One of the key questions today is this: are we living in times of global de-imperialisation or re-imperialisation? Are we experiencing the demise of empires or their rebirth? Both vectors are possible, and we don't know what will happen next.

During the invasion of Ukraine, Russian imperialism showed its weakness, but this doesn't mean that it is doomed. It will not be defeated by its own; it will only be defeated if it faces real collective resistance -- from the whole free world.

Russian war against Ukraine, with all its imperial and genocidal components, is an event which will determine which direction the world takes. Will we see the final collapse of the last empire in Europe? Or, on the contrary, we will witness the re-establishment of the imperial idea as "stronger", "more efficient", and "more predictable", which will gradually minimize our rights, turning citizens into silent workers and consumers.

A farewell to Kundera's vision of Europe?

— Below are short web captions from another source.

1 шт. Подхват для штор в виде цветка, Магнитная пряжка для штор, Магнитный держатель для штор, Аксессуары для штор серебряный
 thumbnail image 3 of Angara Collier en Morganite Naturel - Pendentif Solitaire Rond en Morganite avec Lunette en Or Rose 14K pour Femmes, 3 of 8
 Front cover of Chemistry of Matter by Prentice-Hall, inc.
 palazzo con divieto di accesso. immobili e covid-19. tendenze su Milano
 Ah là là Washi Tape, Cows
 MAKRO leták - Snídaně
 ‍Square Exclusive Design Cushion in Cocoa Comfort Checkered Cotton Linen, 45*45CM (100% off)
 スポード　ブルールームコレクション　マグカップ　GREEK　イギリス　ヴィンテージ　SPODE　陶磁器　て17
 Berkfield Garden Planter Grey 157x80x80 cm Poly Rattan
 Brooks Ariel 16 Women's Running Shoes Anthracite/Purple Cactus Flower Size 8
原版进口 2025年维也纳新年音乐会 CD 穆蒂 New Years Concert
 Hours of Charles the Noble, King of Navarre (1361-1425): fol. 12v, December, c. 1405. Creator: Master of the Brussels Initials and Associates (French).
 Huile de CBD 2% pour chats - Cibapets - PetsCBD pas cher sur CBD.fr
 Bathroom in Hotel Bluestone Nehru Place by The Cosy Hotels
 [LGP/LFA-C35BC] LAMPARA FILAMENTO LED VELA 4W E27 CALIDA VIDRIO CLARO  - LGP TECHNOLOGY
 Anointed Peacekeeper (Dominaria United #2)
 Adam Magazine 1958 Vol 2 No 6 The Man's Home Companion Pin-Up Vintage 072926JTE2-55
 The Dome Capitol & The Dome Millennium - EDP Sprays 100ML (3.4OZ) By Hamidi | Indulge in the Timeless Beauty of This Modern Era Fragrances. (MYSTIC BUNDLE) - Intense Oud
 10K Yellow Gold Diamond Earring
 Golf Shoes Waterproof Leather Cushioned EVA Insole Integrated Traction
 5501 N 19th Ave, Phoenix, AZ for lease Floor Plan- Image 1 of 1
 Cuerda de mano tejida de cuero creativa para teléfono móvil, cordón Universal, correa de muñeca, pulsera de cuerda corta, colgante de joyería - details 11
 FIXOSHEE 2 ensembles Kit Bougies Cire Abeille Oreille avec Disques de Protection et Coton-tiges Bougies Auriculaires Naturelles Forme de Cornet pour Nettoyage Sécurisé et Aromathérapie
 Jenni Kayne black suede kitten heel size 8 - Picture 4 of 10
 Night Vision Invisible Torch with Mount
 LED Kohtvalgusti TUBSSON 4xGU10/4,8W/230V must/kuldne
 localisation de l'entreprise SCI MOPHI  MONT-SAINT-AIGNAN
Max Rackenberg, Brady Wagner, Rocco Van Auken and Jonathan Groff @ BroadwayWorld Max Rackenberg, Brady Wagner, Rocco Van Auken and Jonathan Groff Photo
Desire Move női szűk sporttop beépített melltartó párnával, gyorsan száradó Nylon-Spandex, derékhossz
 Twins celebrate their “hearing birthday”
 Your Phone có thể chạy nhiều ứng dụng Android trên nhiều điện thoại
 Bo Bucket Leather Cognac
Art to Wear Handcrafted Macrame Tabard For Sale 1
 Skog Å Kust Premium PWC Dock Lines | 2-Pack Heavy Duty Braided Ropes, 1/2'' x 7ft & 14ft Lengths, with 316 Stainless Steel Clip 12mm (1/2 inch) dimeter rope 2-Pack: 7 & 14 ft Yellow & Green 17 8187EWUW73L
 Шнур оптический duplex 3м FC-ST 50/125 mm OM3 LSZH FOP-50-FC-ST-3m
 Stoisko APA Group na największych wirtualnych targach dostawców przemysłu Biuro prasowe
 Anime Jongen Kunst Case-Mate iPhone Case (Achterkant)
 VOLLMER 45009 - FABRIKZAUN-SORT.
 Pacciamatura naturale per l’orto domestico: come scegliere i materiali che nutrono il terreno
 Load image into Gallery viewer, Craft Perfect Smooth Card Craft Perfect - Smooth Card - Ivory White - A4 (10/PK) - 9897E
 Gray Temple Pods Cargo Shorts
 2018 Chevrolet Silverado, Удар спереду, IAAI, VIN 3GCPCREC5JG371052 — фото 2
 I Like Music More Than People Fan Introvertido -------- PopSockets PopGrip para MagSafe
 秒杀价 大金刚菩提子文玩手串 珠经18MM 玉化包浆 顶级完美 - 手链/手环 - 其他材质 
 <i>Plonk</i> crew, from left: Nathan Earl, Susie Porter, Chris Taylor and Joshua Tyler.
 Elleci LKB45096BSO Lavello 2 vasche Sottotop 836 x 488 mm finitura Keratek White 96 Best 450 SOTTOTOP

If this scenario wins, we must say farewell to Kundera's idea of building maximum diversity in minimum space. We will face a world of minimum diversity in maximum space. A world the Russian empire has tried to build for centuries. A world that rejects or minimizes the idea of rights, replacing it with the mechanisms of violence and obedience. A world that breaks the link between crime and punishment inverts the justice pyramid upside down and uses violence as an unpredictable tool to seed fear.

Thinking about Kundera's legacy today also means thinking about the future and acting to shape it. Kundera's ideas are alive, but they are even more fragile than in the 1980s when he wrote his essay. Their subsistence depends on what we do next month, next week, next hour.

It depends on us alone whether we are leading our children toward a world of diversity and rights or towards a world of violence and unification. Whether we are heading towards a world where humans and other living beings are considered irreplaceable or towards a world where lives are exchangeable, death has become a banality. Towards a world where the space for violence is being constantly reduced, or towards a world in which violence remains the only viable argument, the final power that decides our destiny.

It depends on us alone whether Europe will be not only a «single market» but a value force that, repenting its own crimes and mistakes, leads the world towards a truly decolonised future.